A Lei Fundamental de Bonn previu em seu art. 94, (2), que a organização e o processo perante o Tribunal Federal Constitucional seriam regulamentados por lei federal. Cumprindo essa atribuição, a Lei do Bundesverfassungsgericht acabou, de certa forma, restringindo a admissibilidade da representação prevista no art. 93, (1), n. 2, dispondo no § 76 que:

a ação proposta pelo governo Federal, por um Governo Estadual ou por um terço dos membros do Parlamento Federal, nos termos do artigo 93, I, n. 2, da lei Fundamental, somente é admissível se um dos órgãos legitimados considerar que o direito federal ou direito estadual:
      1. em virtude de sua incompatibilidade formal ou material com a Lei Fundamental ou com outras disposições do direito federal, é nulo, ou
      2. considerar que disposição do direito federal ou direito estadual é válida após um Tribunal, uma autoridade administrativa ou um órgão da União ou de um Estado ter deixado de aplicá-la por considerá-la incompatível com a Constituição ou com outras disposições do direito federal89.

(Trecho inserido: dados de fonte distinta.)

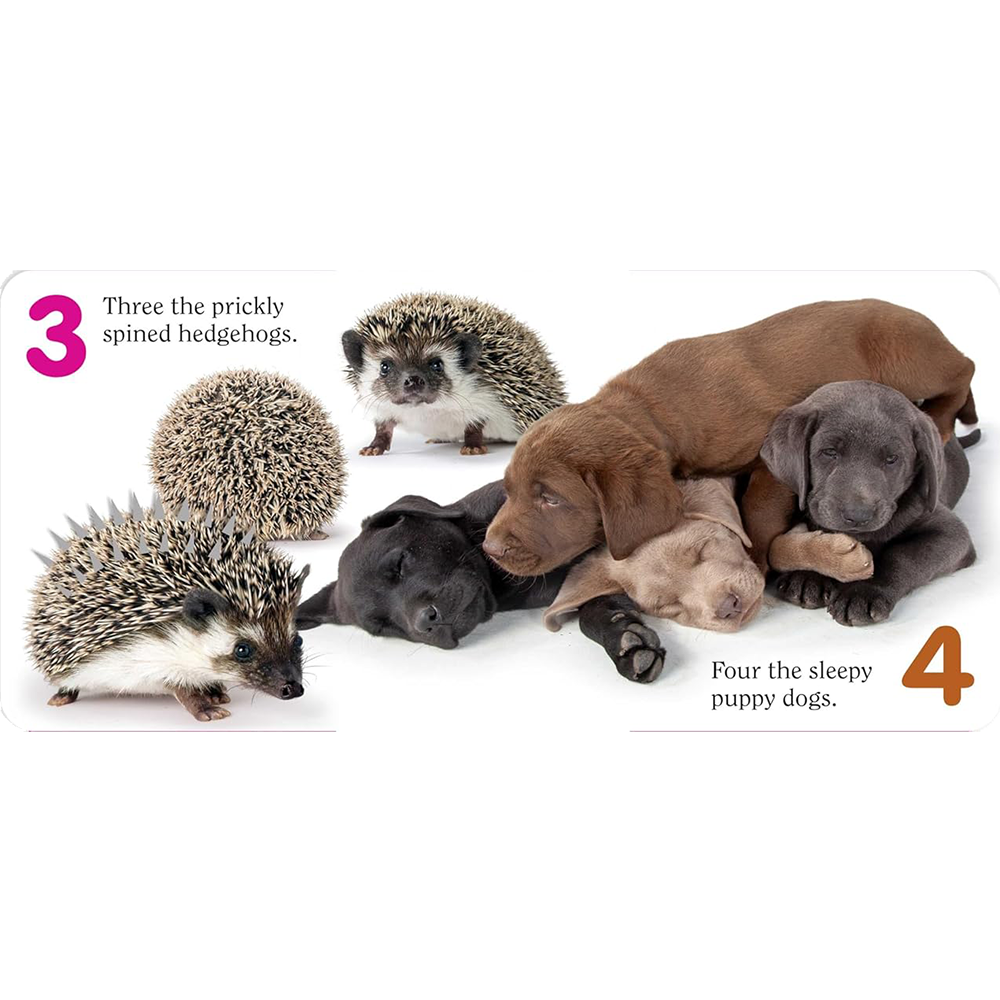 Count Pet, , large image number 3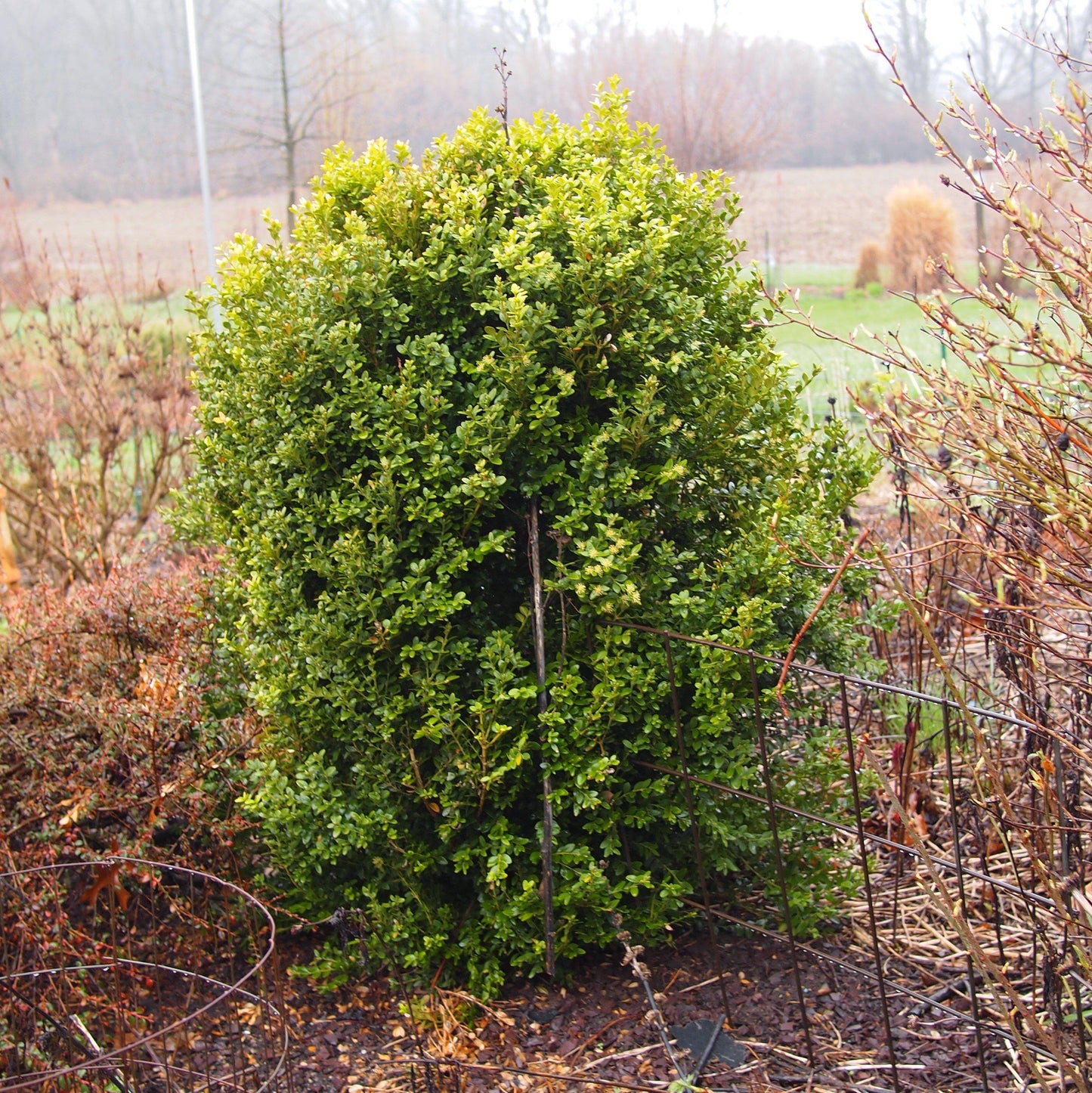 Buxus microphylla var. japonica - Winter Gem Boxwood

A instituição do Bundesverfassungsgericht implicou, pois, na definitiva concentração do poder para decidir acerca das questões de ordem constitucional. Segundo Baracho, “concebe-se a Corte Constitucional como um ‘poder neutro’ ou um ‘poder moderador’, desde que assegure o ‘equilíbrio dos poderes’, propiciando um controle recíproco entre eles”90. A maioria da doutrina e o próprio Tribunal Constitucional Federal conferem-lhe status de “órgão constitucional”, embora a Lei Fundamental se lhe refira apenas como um tribunal. Tem-se a idéia de um órgão constitucional que está acima dos demais, pois ao incorporar o papel de “defensor máximo da Constituição”, assume a atividade de um verdadeiro “intérprete autêntico” da Lei Fundamental91.